■ EXTRACTED RECORDS ■

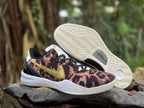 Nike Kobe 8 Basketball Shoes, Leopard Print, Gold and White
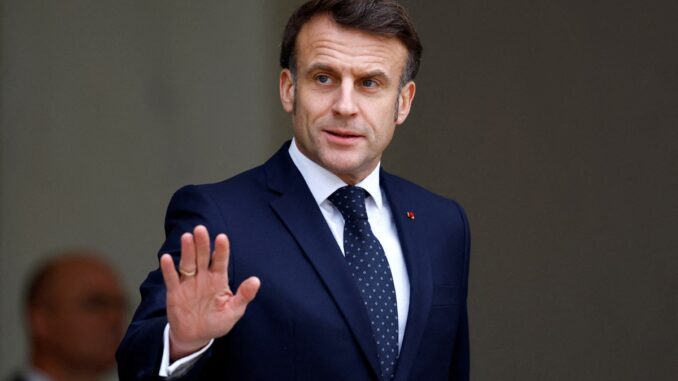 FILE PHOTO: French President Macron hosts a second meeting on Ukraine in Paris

--

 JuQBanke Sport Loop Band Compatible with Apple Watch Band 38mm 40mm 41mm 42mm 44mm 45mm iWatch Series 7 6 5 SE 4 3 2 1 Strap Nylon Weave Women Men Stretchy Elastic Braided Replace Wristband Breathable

■ AIM OF THE EXERCISE ■
An exact copy is needed of the stretch above that opens with the line containing "Nike Kobe 8" and closes with the line containing "FILE PHOTO: French"; the pictures are not part of it.

■ ANSWER BOX ■
 Nike Kobe 8 Basketball Shoes, Leopard Print, Gold and White
 FILE PHOTO: French President Macron hosts a second meeting on Ukraine in Paris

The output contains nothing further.